- _What is needed_
For this exercise, copy all the data exactly and include none of the pictures.

(Pictures with short captions)
※

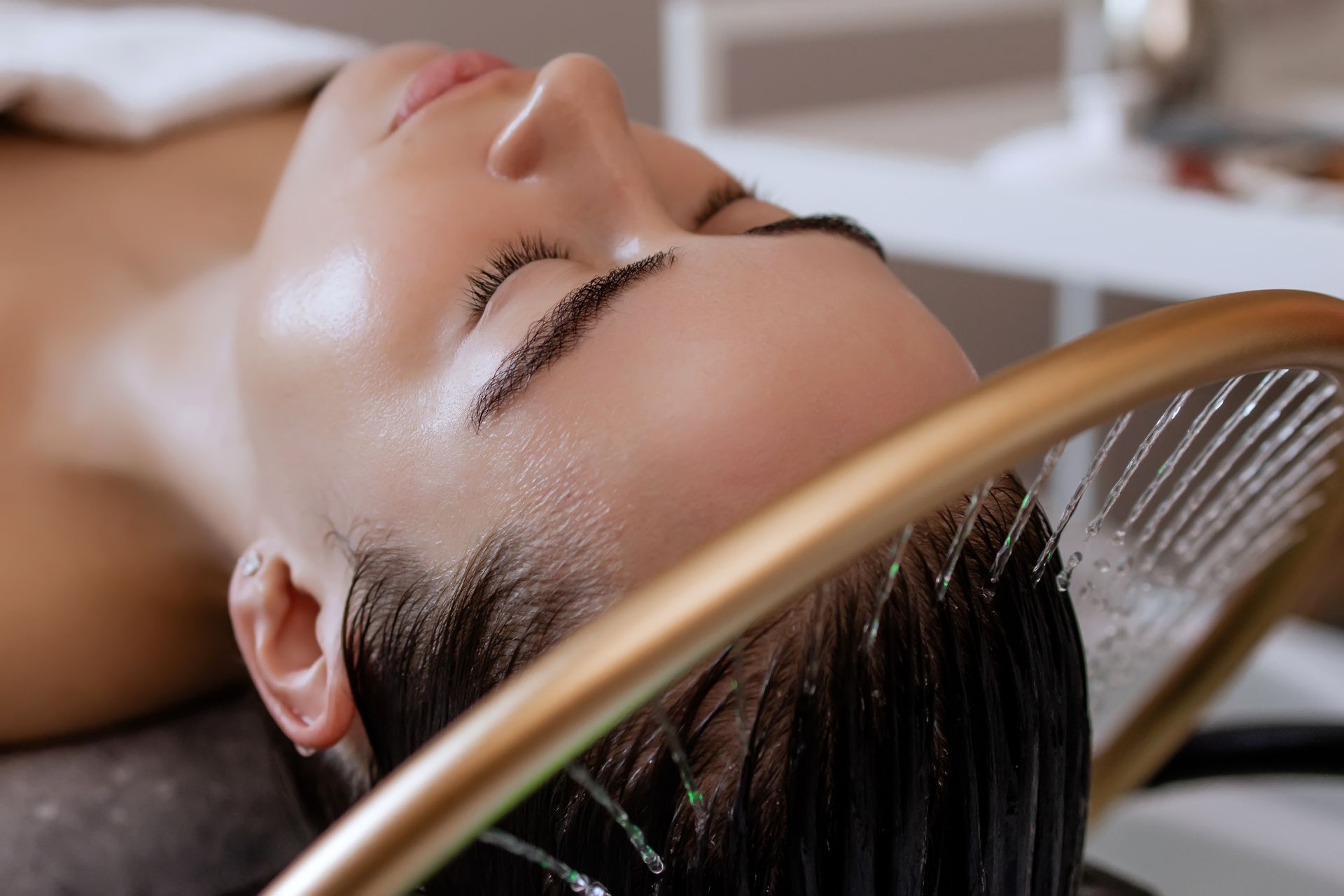 Person reclining with wet hair being rinsed at a salon sink, water pouring over the scalp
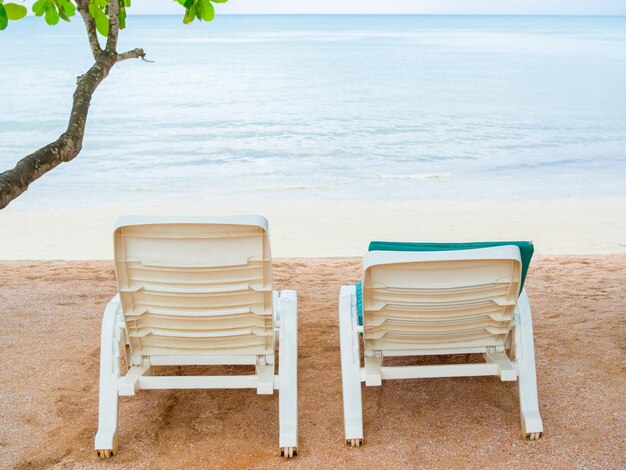 Zdjęcie puste białe plastikowe leżaki na piaszczystej plaży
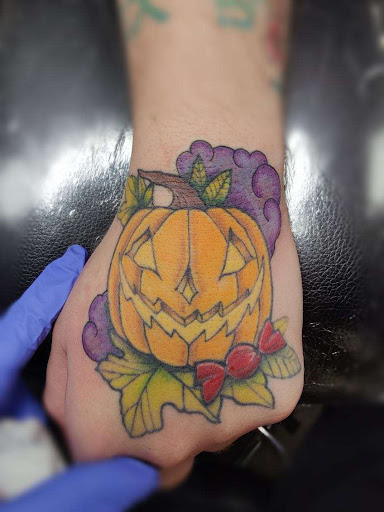 Explore gay pride tattoo ideas, creative tattoo ideas in Denver, available at Dreamscape Piercing and Tattoo LLC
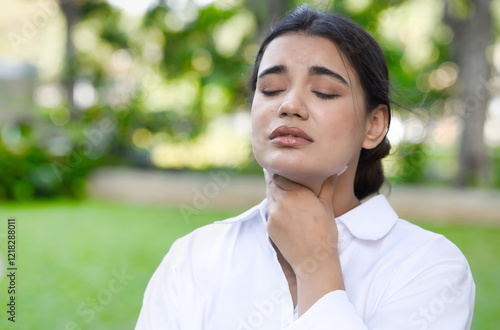 Allergic ill south asian Indian woman getting sick and having sore throat, coughing, air pollution allergy or choking with sickness or flu inflammatory infection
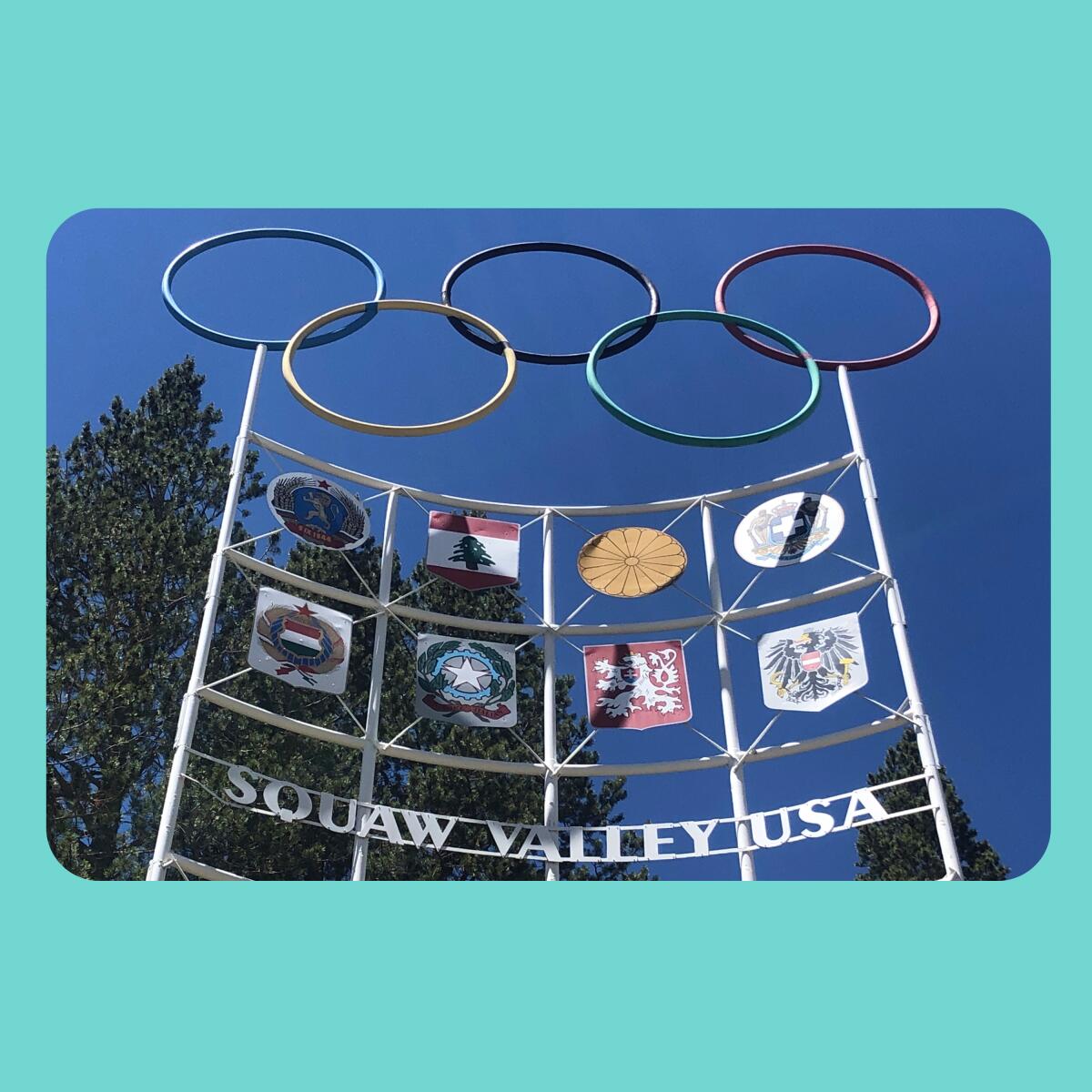 The Olympic rings stand at the entrance to a ski resort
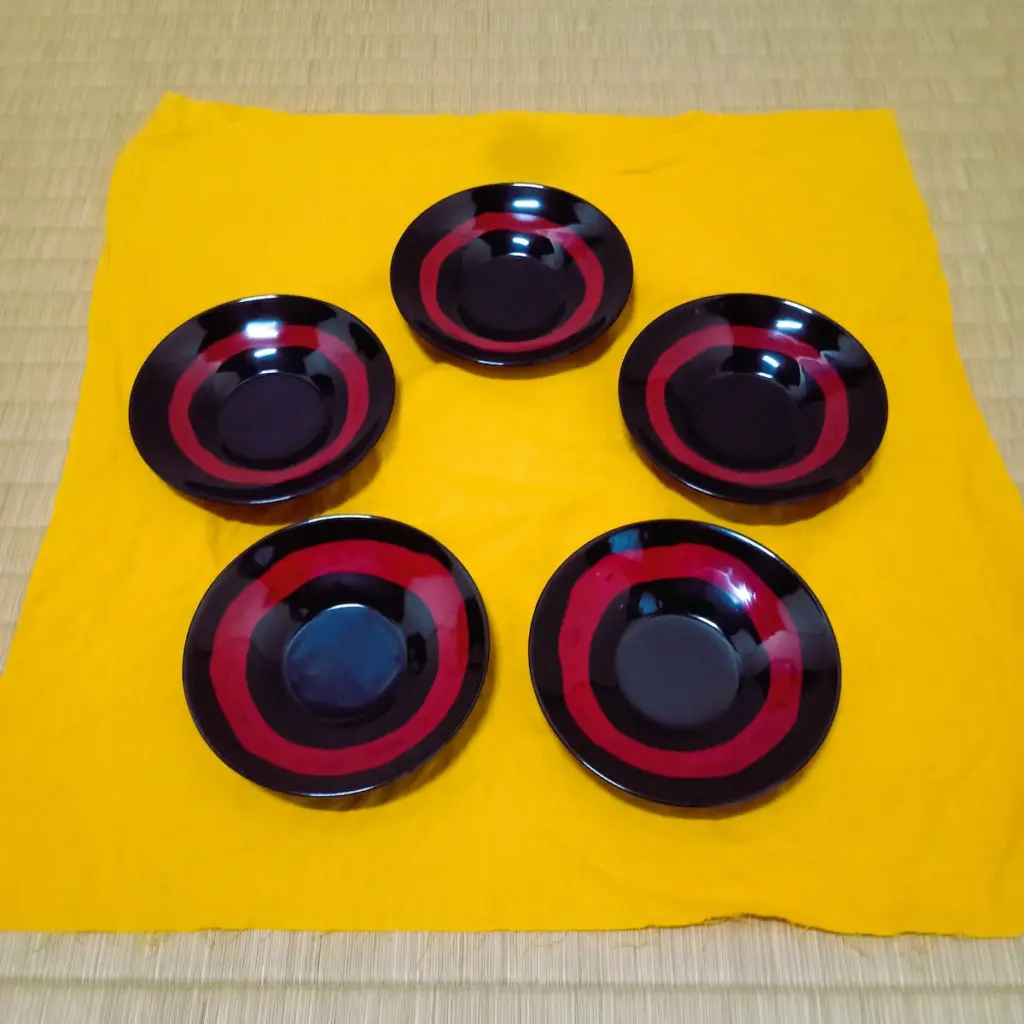 村上の漆器、乾漆の研ぎ出し茶托５枚、黄色い布の上に星形に並べてある。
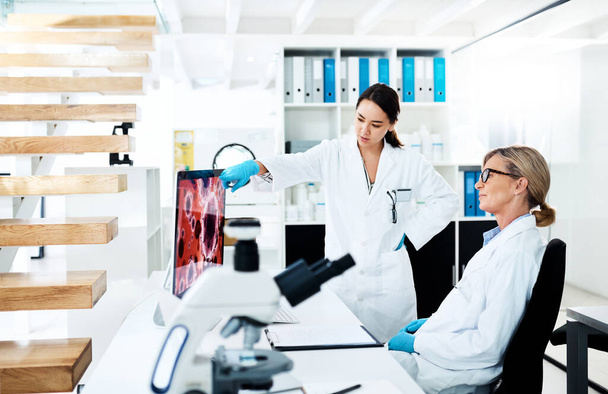 Clinical research helps translate medical discoveries into working treatments. two scientists working together on a computer in a lab - 写真・画像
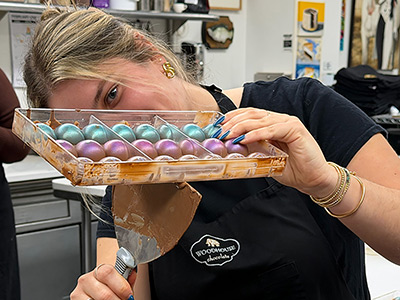 Woman holding tray of colorful chocolates.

※

- _Output below_
 Person reclining with wet hair being rinsed at a salon sink, water pouring over the scalp
 Zdjęcie puste białe plastikowe leżaki na piaszczystej plaży
 Explore gay pride tattoo ideas, creative tattoo ideas in Denver, available at Dreamscape Piercing and Tattoo LLC
 Allergic ill south asian Indian woman getting sick and having sore throat, coughing, air pollution allergy or choking with sickness or flu inflammatory infection
 The Olympic rings stand at the entrance to a ski resort
 村上の漆器、乾漆の研ぎ出し茶托５枚、黄色い布の上に星形に並べてある。
 Clinical research helps translate medical discoveries into working treatments. two scientists working together on a computer in a lab - 写真・画像
 Woman holding tray of colorful chocolates.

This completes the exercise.